ScyllaDB Enterprise customers are encouraged to upgrade to ScyllaDB Manager 2.2 in coordination with the ScyllaDB support team.

The new release includes upgrades of both ScyllaDB Manager Server, Manager CLI tool (sctool) and ScyllaDB Manager Agent.

Useful Links:

Repair Improvements

Small table optimization

ScyllaDB Manager breaks each table repair task to multiple small chunks. While this is useful for large tables, it proves to add redundant time when repairing small tables, for example system tables, resulting in a long repair time even for clusters with very little data.

In Manager 2.2, tables below configurable threshold (1GB by default) will be treated as small and repaired in a single repair command; this may affect production performance depending on the intensity of the operations.

Parallel repair

Manager 2.2 automatically breaks repair tasks to parallel tasks, running independently on distinct ranges of the token ring. Each node can take part in at most one repair at any given moment. Parallel repair can reduce the repair time in a factor of the number of nodes divided by the replication factor (RF). For example, a repair on a cluster of 12 nodes, Keyspace with RF=3 and default parallelism, can run up to x4 times faster, dependent on the online requests load.

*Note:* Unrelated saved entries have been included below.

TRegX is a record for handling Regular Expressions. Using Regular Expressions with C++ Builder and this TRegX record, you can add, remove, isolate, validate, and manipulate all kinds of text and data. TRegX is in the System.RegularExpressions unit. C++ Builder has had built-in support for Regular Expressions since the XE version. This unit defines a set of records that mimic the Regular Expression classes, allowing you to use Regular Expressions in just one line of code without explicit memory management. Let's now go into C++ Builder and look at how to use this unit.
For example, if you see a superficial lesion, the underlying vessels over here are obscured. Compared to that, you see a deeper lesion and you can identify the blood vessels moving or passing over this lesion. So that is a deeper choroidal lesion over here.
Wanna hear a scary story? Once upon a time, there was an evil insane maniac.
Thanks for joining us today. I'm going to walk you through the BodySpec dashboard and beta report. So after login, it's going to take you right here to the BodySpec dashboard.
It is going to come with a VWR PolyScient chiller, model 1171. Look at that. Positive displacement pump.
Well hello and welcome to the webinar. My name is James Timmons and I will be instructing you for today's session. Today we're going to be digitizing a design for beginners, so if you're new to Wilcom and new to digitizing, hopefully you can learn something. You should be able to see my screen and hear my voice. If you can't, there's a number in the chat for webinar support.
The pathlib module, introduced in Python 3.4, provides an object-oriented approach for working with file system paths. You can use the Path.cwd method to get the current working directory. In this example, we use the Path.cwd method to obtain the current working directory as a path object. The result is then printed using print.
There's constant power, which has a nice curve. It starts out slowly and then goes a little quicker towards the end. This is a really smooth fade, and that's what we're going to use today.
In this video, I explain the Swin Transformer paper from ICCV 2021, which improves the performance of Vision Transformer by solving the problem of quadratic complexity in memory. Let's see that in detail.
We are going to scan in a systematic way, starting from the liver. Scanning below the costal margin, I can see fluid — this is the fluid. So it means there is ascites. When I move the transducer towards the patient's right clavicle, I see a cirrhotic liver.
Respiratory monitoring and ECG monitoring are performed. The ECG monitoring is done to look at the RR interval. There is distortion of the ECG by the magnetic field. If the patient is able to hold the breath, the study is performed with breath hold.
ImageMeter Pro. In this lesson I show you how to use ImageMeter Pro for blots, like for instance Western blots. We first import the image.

User can control the level of parallelism using the new --parallel parameter.

  • You can disable the parallel repair feature by setting the value to 1.
  • Default parallelism is zero; max parallelism value in the cluster based on the replication factor.

The following represents the saving in repair time in a 9 nodes cluster, all in the same data center, while serving requests in real time with 50% load.

Refer to the ScyllaDB Manager documentation.

Control over parallelism and intensity during repair

A new command sctool repair control is added. It lets users change parallelism and intensity (added in 2.1) of an ongoing repair, without ever restarting the task. In addition to that commands sctool repair update and sctool backup update let you update task specification of existing tasks for future runs.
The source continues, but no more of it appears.